*** PROVIDED MATERIAL ***

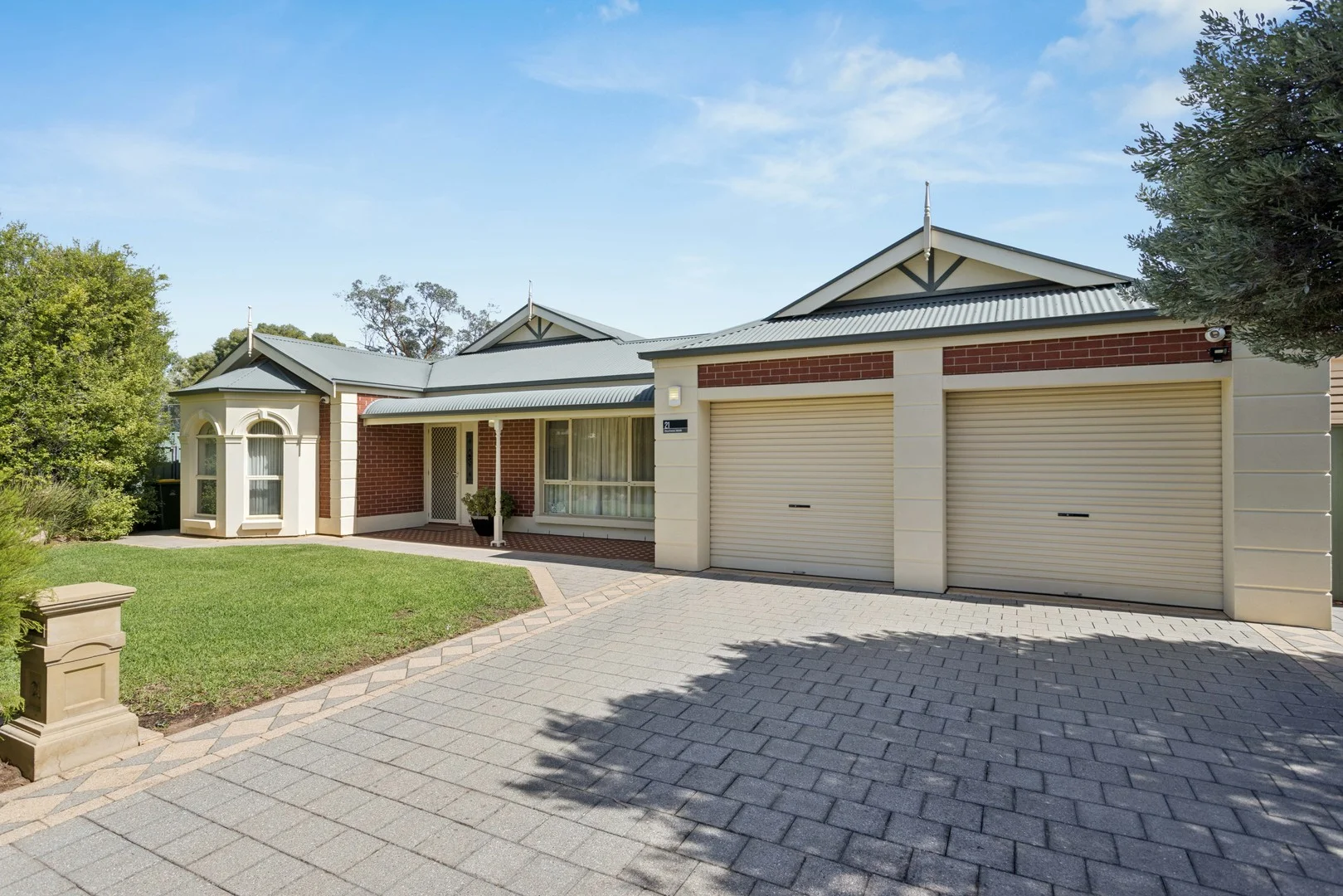 21 Duchess Walk, Para Hills SA 5096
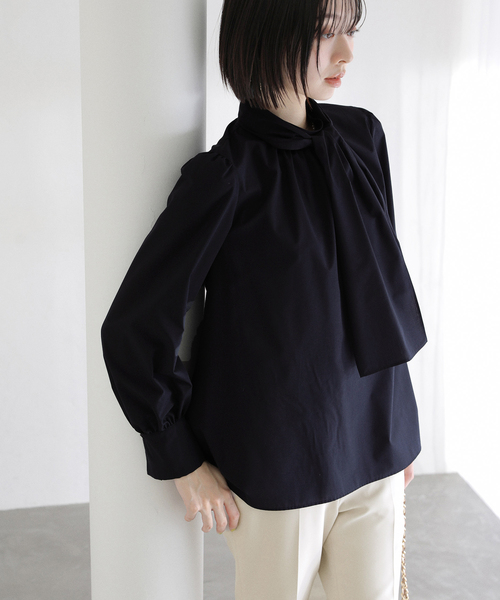 La TOTALITE(ラトータリテ)の「【洗える】ボータイ2WAYブラウス(シャツ/ブラウス・レディース・ネイビー/ホワイト・FREE)」の2枚目の写真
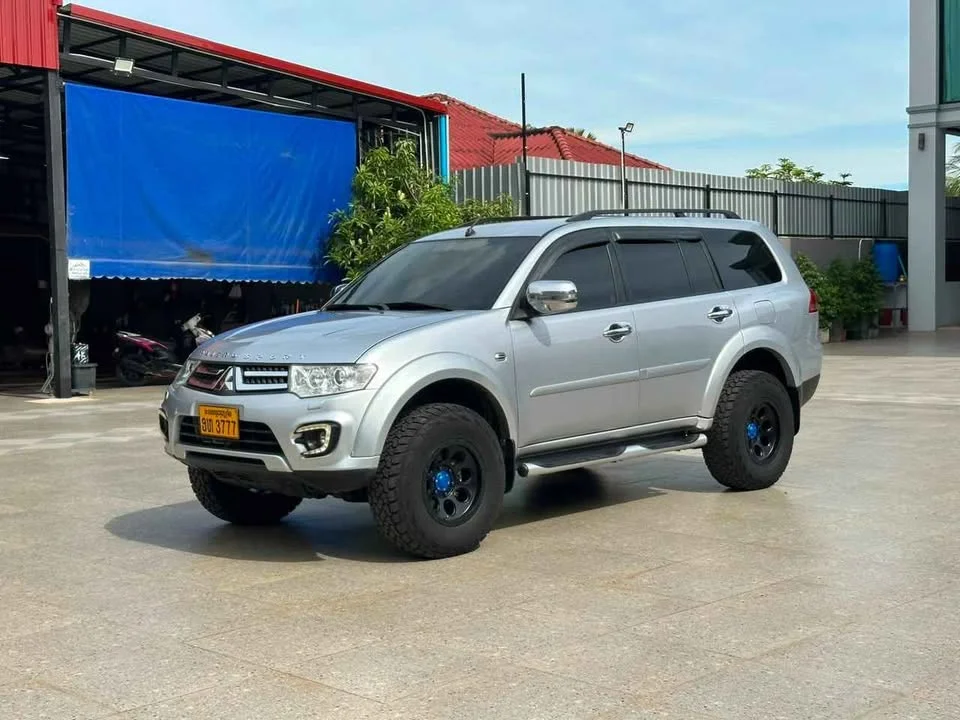 2015 Mitsubishi Pajero Sport II 2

*** End of PROVIDED MATERIAL ***

## WHAT TO PRODUCE
Write every line above again exactly, but leave the pictures out.

## EXPECTED ANSWER
 21 Duchess Walk, Para Hills SA 5096
 La TOTALITE(ラトータリテ)の「【洗える】ボータイ2WAYブラウス(シャツ/ブラウス・レディース・ネイビー/ホワイト・FREE)」の2枚目の写真
 2015 Mitsubishi Pajero Sport II 2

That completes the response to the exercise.